Patrick Lynch's In The Aquarium is a meditation on madness, obsession and escape. A man in an aquarium stares at a fish that seems to be talking to him, leading him into a reverie where that conversation follows him around until he goes mad and strikes a co-worker. Then he's led into a reality where it's really him in the fish tank, drowning and on display, until the glass is smashed and his world ends. The jumbled panel arrangement reflects the chaos in the man's mind, as do the wavy and sketchy lines. It's a short, but effective glimpse at the ways in which even the worst of fantastical fates can be better than the grim reality of everyday life.

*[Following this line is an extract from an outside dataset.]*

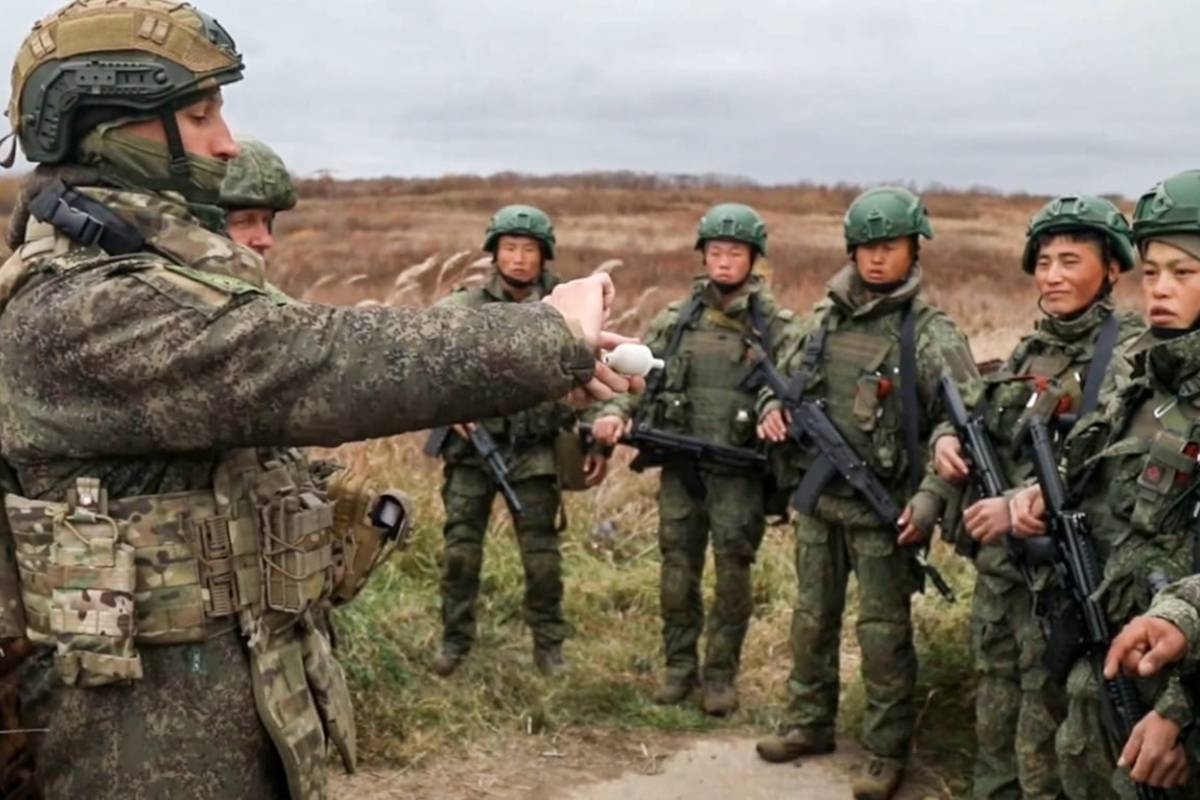 Руски войници обучават севернокорейски войници. ТАСС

John Robbins' early comics, Negotiating The Beast and The Monkey-Head Complaint, are dark to the point of nihilism. The former is a series of one-page stories that revolve around the darker aspects of childhood, both in terms of the weird and frequently horrible things children do each other and the ways in which predators lurk. He also adapts some of the stranger and more desperate letters from a local advice column. There's a comical and cynical distance implied in these stories (like certain EC or Vertigo comics), but the problem with them is that they are incredibly overwritten. The narrative captions threaten to drown out the comics entirely, pushing the frequently arresting and spare graphics into the background. Robbins did show an interesting facility for working with negative space, especially with regard to how he used blacks and shadow. to highlight dread. The Monkey-Head Complaint sees Robbins expanding the ideas from that first comic into a single storyline about a bored couple and how they inadvertently get involved with a young man who slowly descends into homicidal madness. There are some odd storytelling choices, like the wife demanding that the husband tell his story about how he met the young man in a sort of Shakespearean cadence, but they tended to add to the slightly fantastical nature of the story. Like his earlier work, Robbins went to the EC Comics twist ending with the most horrible outcome possible, which felt a bit hackneyed. Robbins' later work is far more nuanced and restrained, but one can see how Robbins' strong visual storytelling sense was already in place in his earlier work.
Great to see your review on Stray Lines Rob. I was secretly wondering when I would see some more reviews on Irish comics. It's worth noting that Stray Lines was funded through fundit.ie (an Irish type of Kickstarter). Not only are there Irish cartoonists out there, but also supporters who are willing to drive a project. Cheers for blogging!